In the present study, we also found eradication rate of standard triple therapy to be very lower than 80%. To date, there is no study combining tetracycline with any agent other than metranidazole in the literature. Similarly, eradication rate was also low in treatment-naïve patients who received lansoprazole plus amoxicillin plus tetracycline. Despite the low rate of resistance to tetracycline, eradication rates are lower than expected probably as a result of that we can not provide sufficient antimicrobial concentrations with amoxycillin combination. Therefore, we can suggest that tetracycline, which is generally preferred in quadruple therapy (a PPI plus metronidazole plus tetracycline plus bismuth), is not suitable for combination in triple therapy.

Eradication rates in the group who did not respond to previous standard triple therapy-similar to naïve patients but far from the acceptable rates-is contraversial. Eradication rates in studies evaluating patients who did not respond to standard triple therapy are various. In a study performed by Matsumoto et al.,20 eradication rates of two different combinations including levofloxacin or metronidazole instead of clarithromycin in patients unresponsive to previous standard triple therapy were 73% and 96%, respectively. In another study performed by Perri et al.,21 three different combinations were used in such patients. Ranitidine bismuth citrate 400 mg b.i.d. plus amoxicillin 1 g b.i.d. plus tinidazole 500 mg b.i.d. (RBCAT) was given to the first group, pantoprazole 40 mg b.i.d. plus amoxycillin 1 g b.i.d. plus levofloxacin 500 mg once a day to the second group and pantoprazole 40 mg b.i.d. plus ranitidine bismuth citrate 240 mg b.i.d. plus tetracycline 500 mg q.i.d. plus metronidazole 500 mg b.i.d. to the third group. Eradication rates were 85%, 63%, and 83%, respectively.

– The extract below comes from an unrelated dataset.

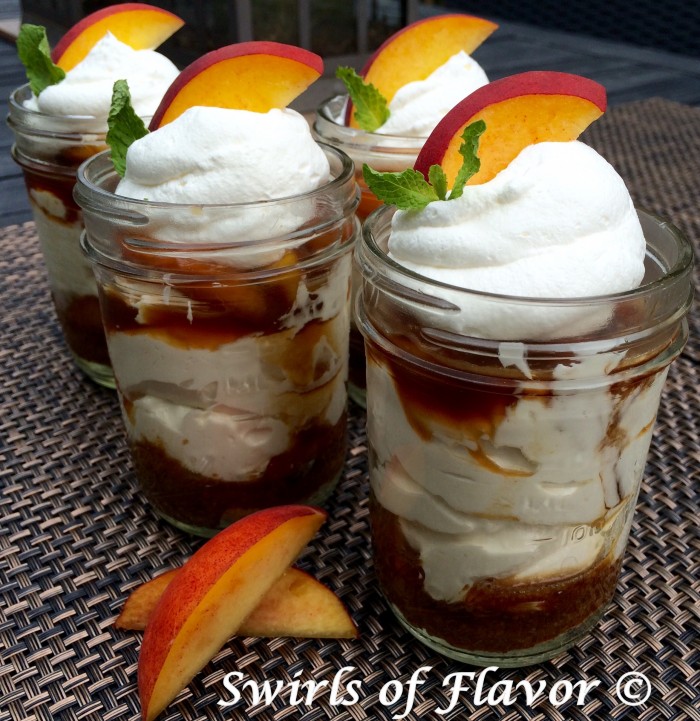Bourbon Peach Cheesecake Mousse in a Jar has a pecan graham crust and Bourbon peaches with a no-bake cheesecake mousse, giving it a southern flair. an easy to make summer dessert recipe, this award winning recipe will be a winner on your table too! peach | summer | fruit | no bake | dessert | cheesecake | mason jar | easy recipe | award winning | #swirlsofflavor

Similar to low eradication rate of LAC due to increased rate of resistance to clarithromycin, we also achieved low eradication rates with the use of triple therapy including tetracycline instead of clarithromycin despite the low rate of resistance to tetracycline. This emphasizes the importance of other factors apart from resistance to antibiotics in H. pylori eradication.

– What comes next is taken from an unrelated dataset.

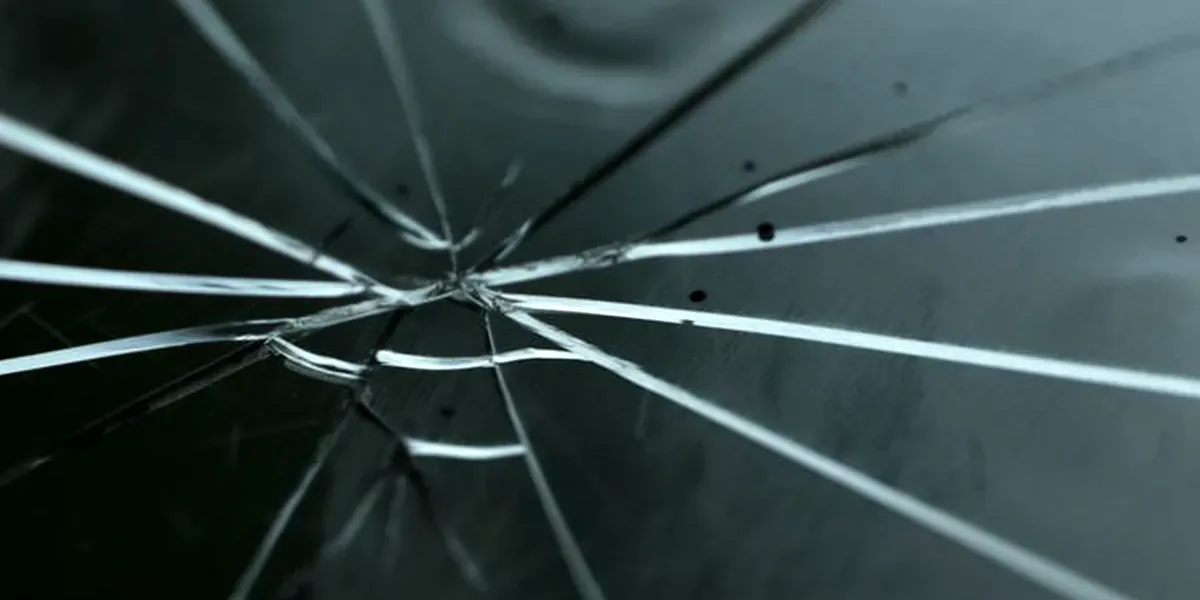 Close-up van een sterretje in een voorruit, met de barsten die eruit vertrekken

In the light of all these results of the previous and our studies, we can conclude that triple therapy including a PPI plus amoxicillin plus tetracycline is not a good option in H. pylori eradication despite it has the same mechanism of action with clarithromycin and very low resistance rate. However, it should be noted that the number of patients was low in this study. There is need for studies evaluating the efficacy of this regimen including large patient groups.